I suggest you just looking how these verbs are used in various contexts and make your own conclusion:
Приготовиться
Подготовиться


----------



## ChicoAnimado

Wow, thanks


----------



## yakor

But how this difference could be reflected in Enghlish without the use "ready"?
Мы готовились к празднику. (We were preparing to the holiday)
Мы подготовились к празднику. (We have prepared to the holiday already.) ?
(Is it necessary to use "already here?)


----------



## Maroseika

yakor said:


> Мы готовились к празднику. (We were preparing to the holiday)



Здесь разница между глаголами очевидна, а трудности возникают в таких, например, случаях:

- Смотрите, что мы приготовили к празднику.
- Вообще-то мы тоже готовились. Смотрите, что у нас есть.

- Ты совершенно не готов к уроку!
- Но я готовился!


----------



## yakor

Maroseika said:


> Здесь разница между глаголами очевидна, а трудности возникают в таких, например, случаях:


Но если не использовать "already", "We have prepared to the holiday"? Это можно перевести тоже как "Мы готовились к празднику".


----------



## Maroseika

yakor said:


> Но если не использовать "already", "We have prepared to the holiday"? Это можно перевести тоже как "Мы готовились к празднику".



Не думаю, что перфект может соответствовать русскому "мы готовились", тем более что в have prepared все равно подразумевается already, то есть законченное действие. Рискну предположить, что мы готовились - we prepared.


----------



## yakor

Maroseika said:


> Не думаю, что перфект может соответствовать русскому "мы готовились", тем более что в have prepared все равно подразумевается already, то есть законченное действие. Рискну предположить, что мы готовились - we prepared.

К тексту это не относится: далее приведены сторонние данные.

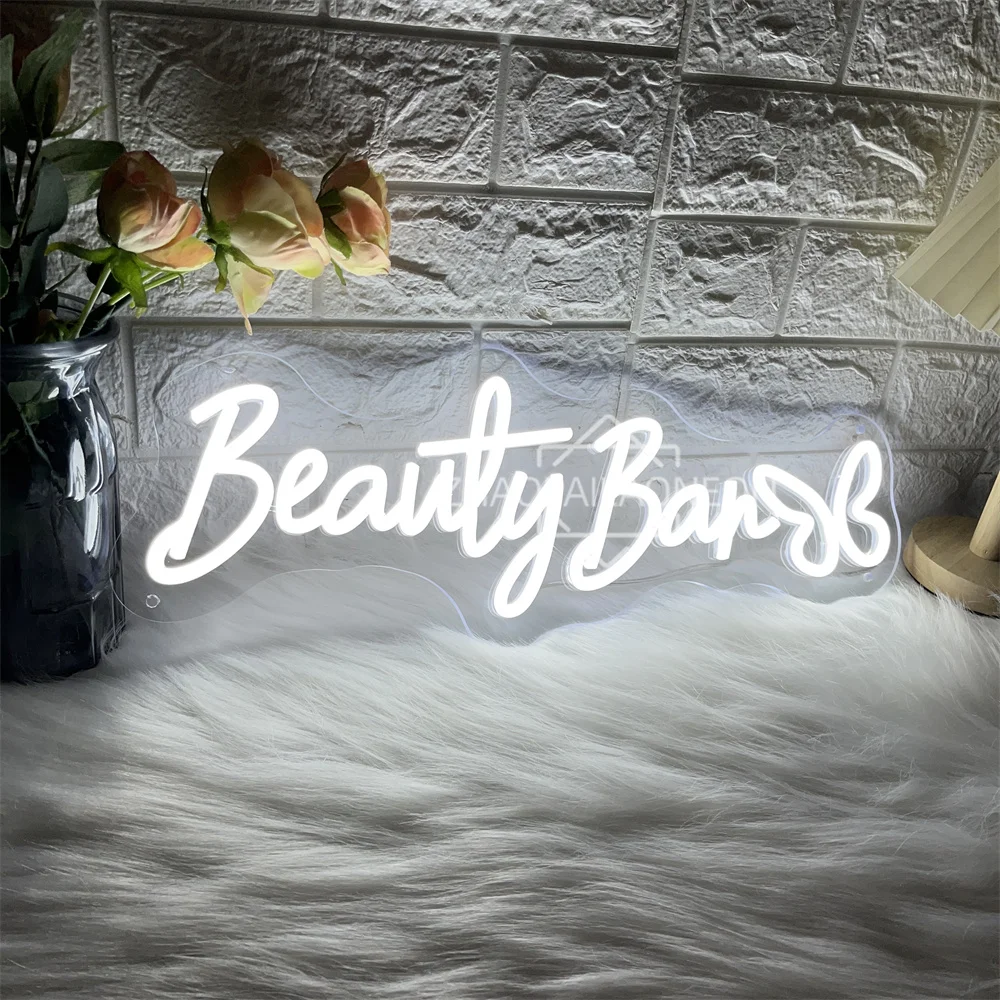 Beauty Bar Neon Led Signs Coffee Home Party Room Wall Art Decor Bar Salon Neon Lights USB Cafe Pub Club Decoration Neon Sign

Да "aready"  in "have done something" всегда подразумевается.  тогда "мы готовимся (уже)". "Мы готовимся уже к празднику 3 недели" (We have prepared to the holiday for three weeks)


----------



## Maroseika

yakor said:


> Да "aready"  in "have done something" всегда подразумевается.  тогда "мы готовимся (уже)". "Мы готовимся уже к празднику 3 недели" (We have prepared to the holiday for three weeks)



Напомню обсуждаемый вопрос: в чем разница между "готовились" и "подготовились"?


----------



## Yuzhniy

The basic difference is about PERFECTIVE (подготовиться) and IMPERFECTIVE (готовиться) aspects. That is it.


----------



## Sobakus

yakor said:


> But how this difference could be reflected in Enghlish without the use "ready"?
> Мы готовились к празднику. (We were preparing to the holiday)
> Мы подготовились к празднику. (We have prepared to the holiday already.) ?
> (Is it necessary to use "already here?)



Разницу между совершенным и несовершенным видом невозможно выразить в английском без контекста, потому что в нём нет категории вида. Оба предложения можно перевести как we prepared for the holiday (хотя второе я бы вообще перевёл we are ready), все остальные варианты перевода диктуются языковым окружением.


----------



## yakor

Sobakus said:


> Разницу между совершенным и несовершенным видом невозможно выразить в английском без контекста.


 Но Simple continuos tense всегда переводиться глаголами несовершенного вида.


----------



## Sobakus

yakor said:


> Но Simple continuos tense всегда переводиться глаголами несовершенного вида.



Несомненно, но ни в коем случае не наоборот.


----------



## strawberry_candy

yakor said:


> "Мы готовимся уже к празднику 3 недели" (We have prepared to the holiday for three weeks)



а еще правильнее: We have been preparing for the holidays for three weeks. 

to prepare for sth= готовиться к чему либо
prepare to do sth=  готовиться\ приготавливаться что либо делать (с лингво словаря и моих знаний)


----------



## strawberry_candy

yakor said:


> We have prepared to the holiday already.) ?



We have ALREADY prepared for the holiday.


----------